Un petit objet, insignifiant en apparence, et qui est très important au point de vue commercial, c'est la petite montre d'enfant .
Il y a à Paris une dizaine de fabriques de montres d'enfant qui produisent, en moyenne, cent mille montres par jour ; la plus grande partie s'expédie à l'étranger. La montre vendue un sou dans la rue revient en gros à deux centimes. On arrive à un pareil bon marché par suite de la rapidité de la fabrication, et cependant cette montre d'un sou passe entre les mains de vingt ouvriers. La montre de luxe à cinquante centimes, avec un mouvement et des aiguilles qui marchent, à laquelle est adapté un anneau et une chaîne, exige le concours de trente-deux ouvriers.
La ferblanterie pour enfants est une spécialité, et beaucoup de personnes ignorent que les vieilles boîtes à sardines et de conserves, recueillies dans les ordures, sont employées par des industriels pour la fabrication de tous les petits objets métalliques vendus, cinq, dix et quinze centimes. Il y a trois ou quatre fabricants de cette ferblanterie.
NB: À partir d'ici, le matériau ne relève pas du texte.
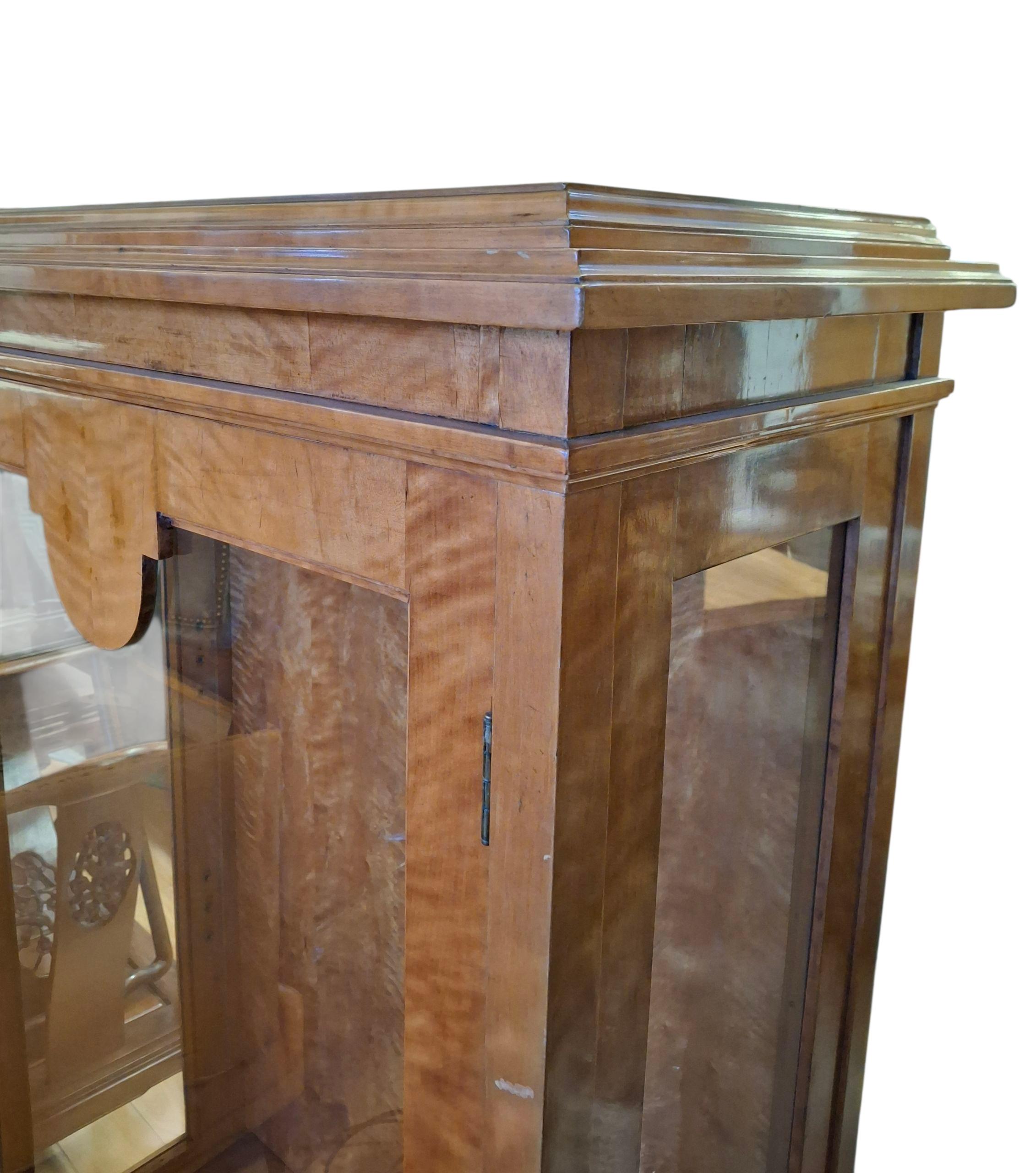 Biedermeier Vetrina/armadio in acero tigrato del XIX secolo in vendita
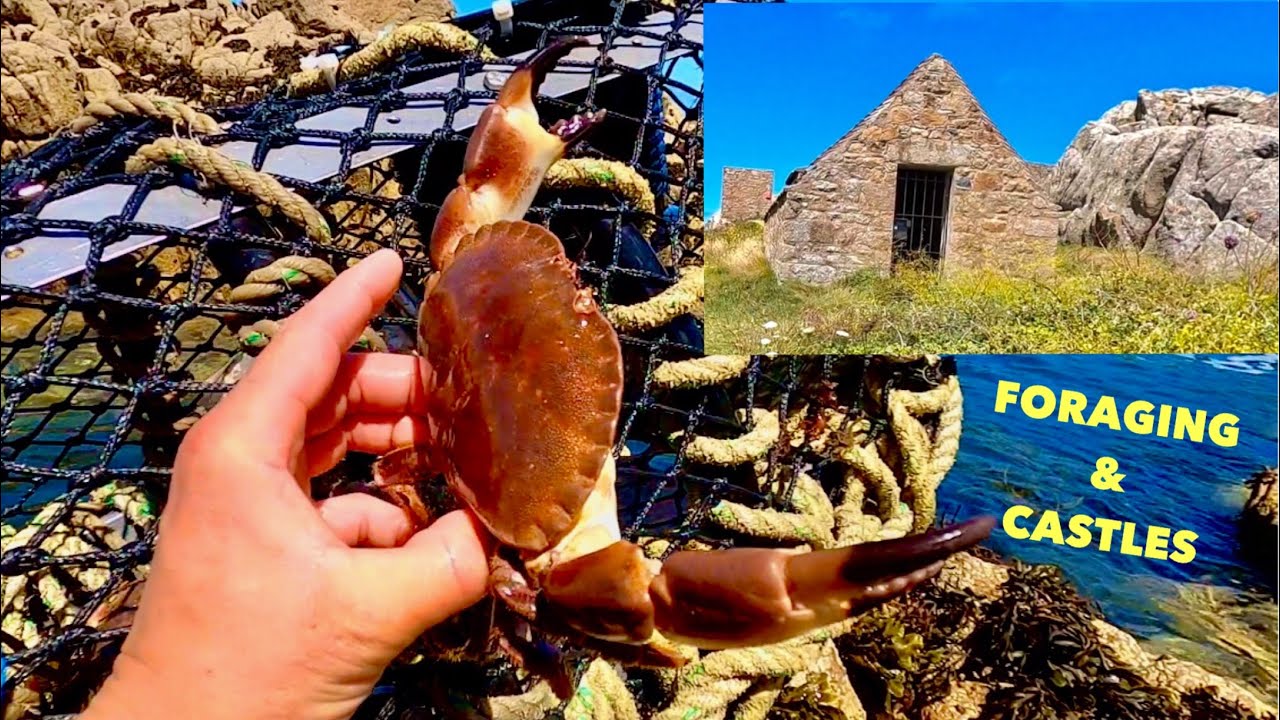 COASTAL FORAGING , Brown Edible Crabs , CRAB POT Check & CASTLES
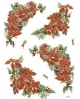popierius
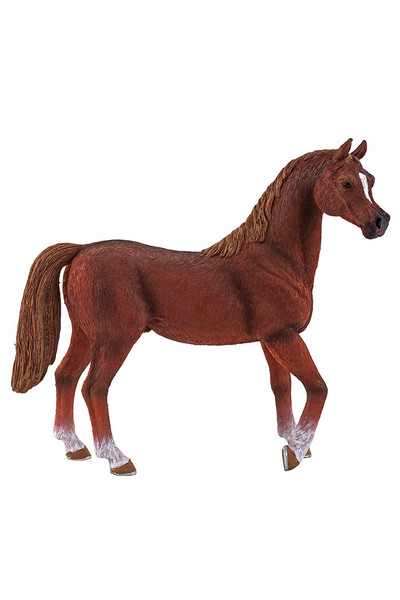 Arabian Stallion Chestnut (Extra Large)
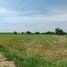  Land for sale in San Kamphaeng Chiang Mai, Ton Pao, San Kamphaeng, Chiang Mai, Thailand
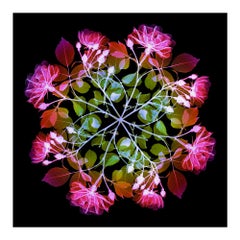 Polychromatische Fiori Rose I - zeitgenössischer mehrfarbiger Blumendruck mit Xogramm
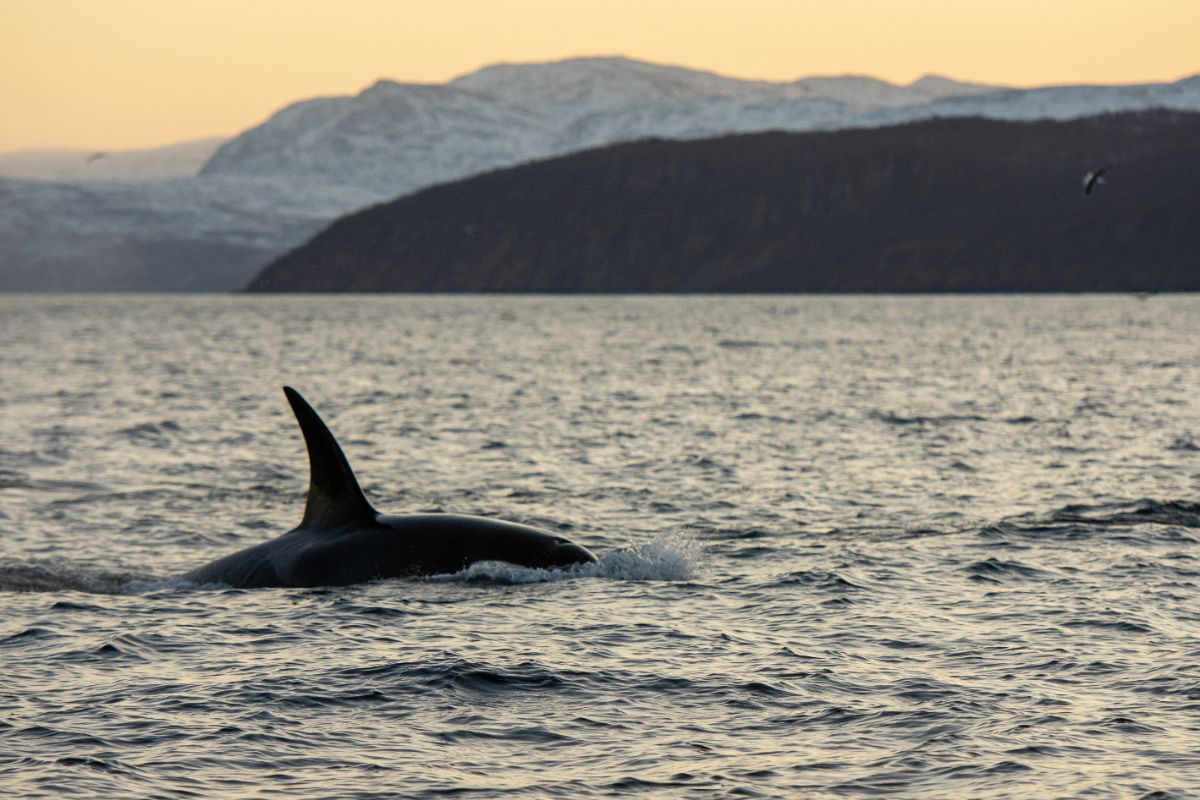 Whale Watching in Skjervoy, Norway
Ils occupent plus de trois cents ouvriers et ouvrières et font chaque année de beaux bénéfices.
Comme cette industrie exige un capital très restreint, quelques ouvriers travaillent pour leur compte.
Avec quelques outils et des rognures de fer-blanc, un ouvrier intelligent peut produire... des balances qu'il vendra vingt-cinq centimes à la douzaine, des sifflets à dix centimes la douzaine, et encore des petites trompettes, des plats, des boîtes au lait, des cafetières... S'il est habile, il confectionnera à lui seul la boîte de ménage - boîte en carton dont le couvercle est remplacé par un morceau de verre. Au fond de la boîte, on étend de la ouate pour garnir. C'est-à-dire pour qu'il y ait moins d'objets à mettre. On place alors différents ustensiles de table, en fer blanc... et tout cela pour soixante ou soixante-dix centimes la douzaine.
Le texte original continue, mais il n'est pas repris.